What to do when the onions start sprouting
If the onions start sprouting take them out of the bucket or cold frame and choose from one of these options:
- Use the onion including the sprout – the sprout part is just like a spring onion (just with a much bigger onion at the bottom of the sprout!)
- Plant the onion in your garden if you have one. I like planting a few out as they sprout because it is a really easy way to turn them into new onions. When we run out of onions in our bucket we can go and dig the planted ones back up!
What to do if an onion starts going mouldy
- Take it out of the bucket or cold frame and check to see if any other onions have been affected by the mould and take them out too.

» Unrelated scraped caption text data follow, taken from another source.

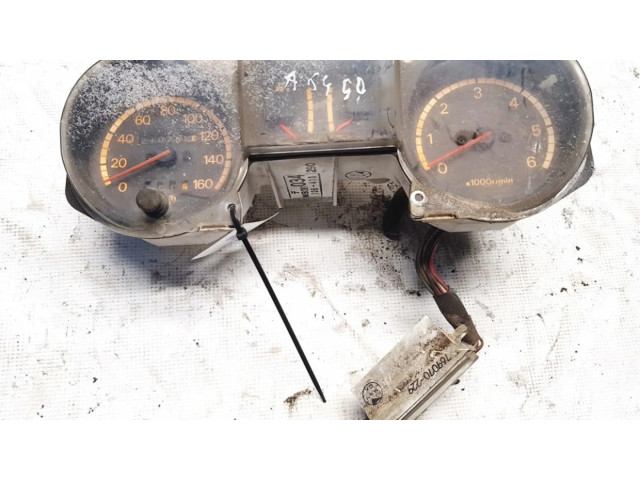 Přístrojová deska Mitsubishi Pajero 1984 769070229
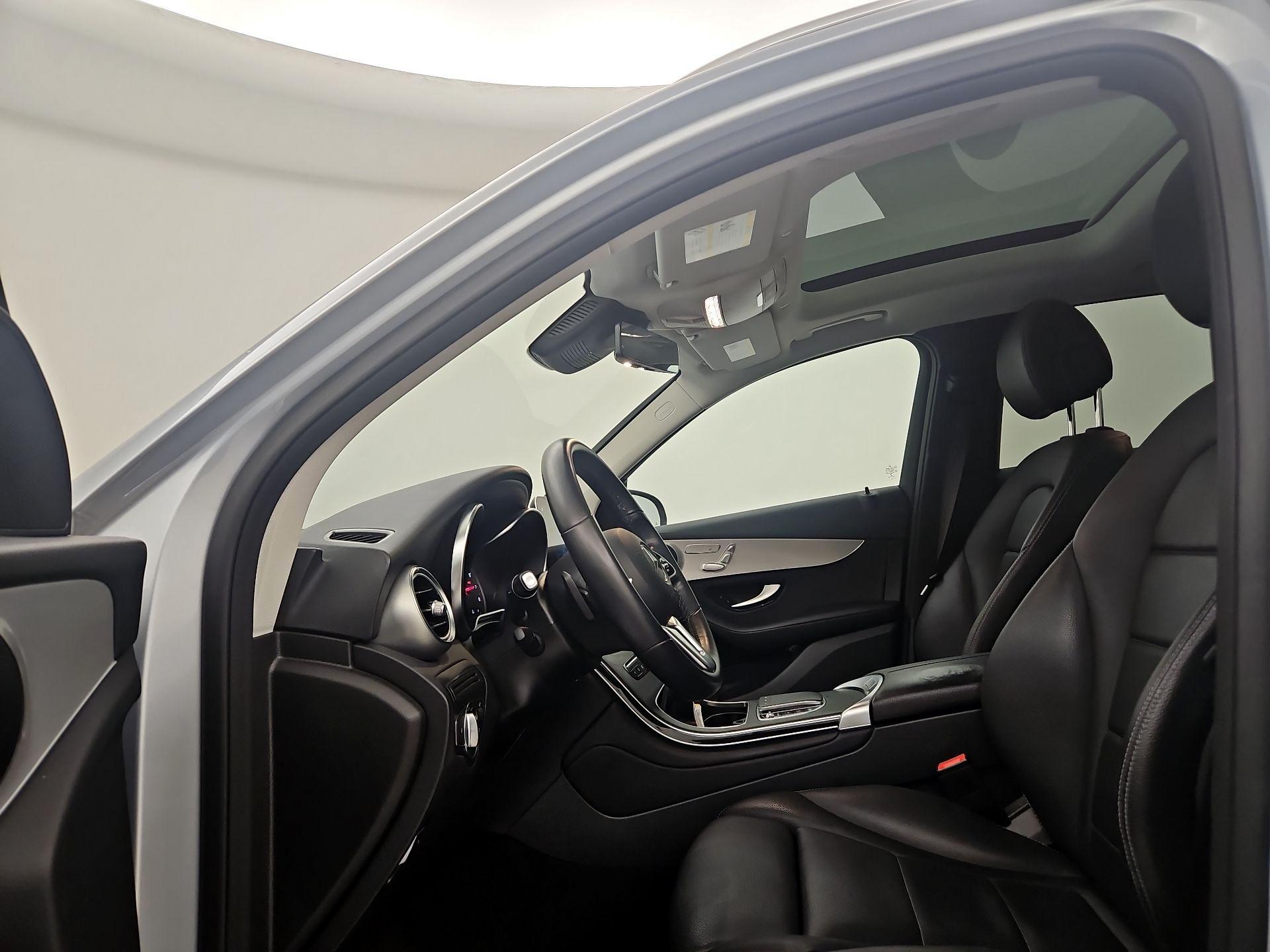 Thumbnail: 2022 Mercedes-Benz GLC - 19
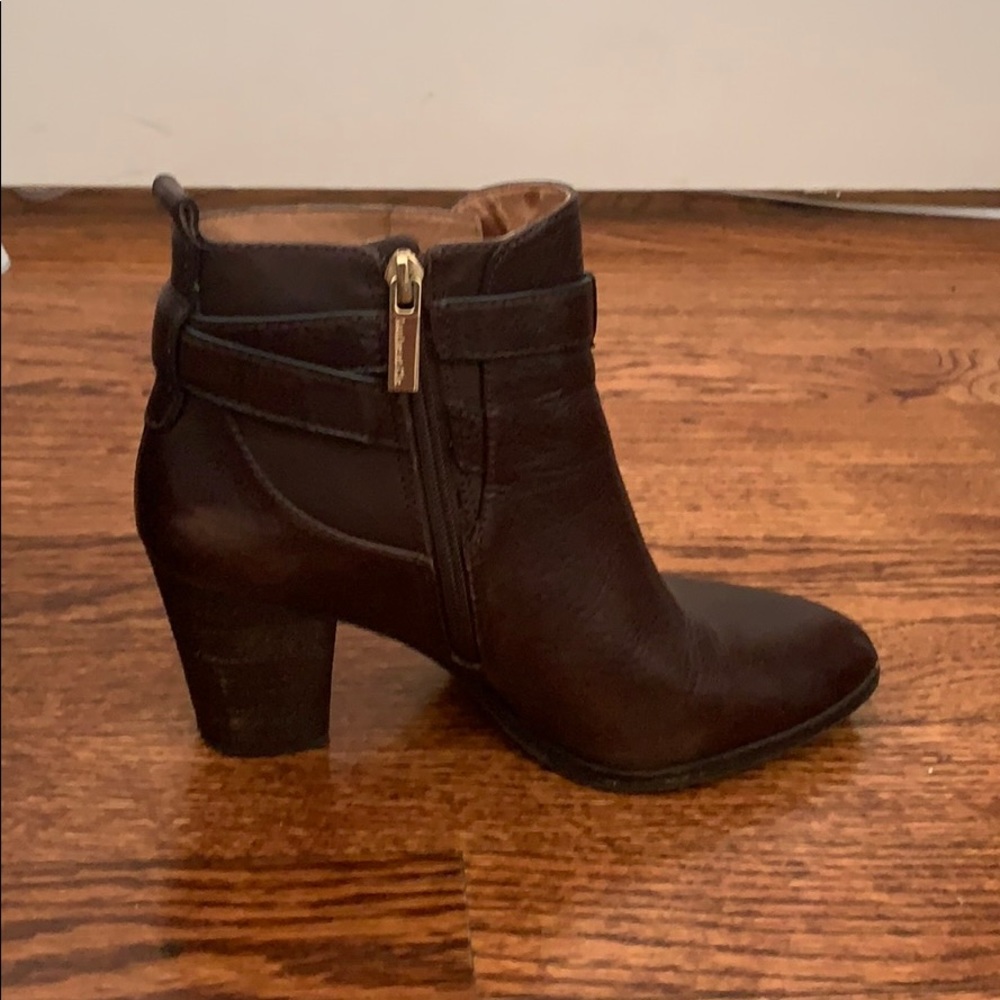 Boots - Picture 3 of 4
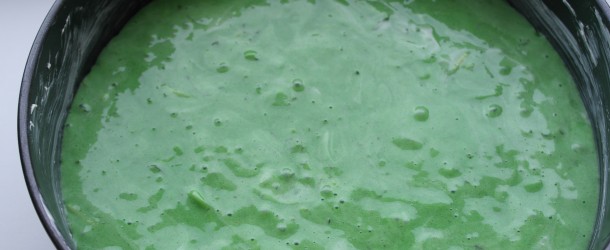 Giftkage med squash. En lækker svampet grøn giftkage med squash. Den version er ekstra svampet. Prøv denne opskrift og du er tilbage i barndommen.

- Check to see how far the mould has gone through the onion, if the whole onion has gone soft and mouldy then it needs to be composted
- If the mould is only superficial, you will need to use your judgement if you are happy to eat the onion or not after you have peeled off the layers of mould. Do not eat an onion that you have found mould on if you have a mould allergy, a compromised immune system, if you are pregnant or if you are at all unsure as to whether the onion is safe to eat.
What if you go off the onions that you bought in bulk?
There is a risk that if you buy onions in bulk (or anything in bulk for that matter) that you will go off it over time. Or perhaps a member of your family that you bought some of them for, will stop eating so many. So what can you do if that happens?
- Get experimental – find new ways to use up onions if you are bored of eating them in the same old ways.
- Give them away through sites like Freecycle, Freegle and Olio, or just give them to someone you know who can make use of them!
- Do a food swap – similar to point 2, but ask a friend or family member if they would be up for swapping your excess onions for something they don’t need.
I love our annual ritual of buying onions in bulk and I am constantly amazed at how well they last. I also like the fact that I don’t have to worry about buying onions while I have them in stock at home!
NOTE: This post was updated on 29/9/19. We started buying onions in bulk for the first time 2013 and have done it every year since (except one year, when we didn’t manage to make it to the farm at the right time).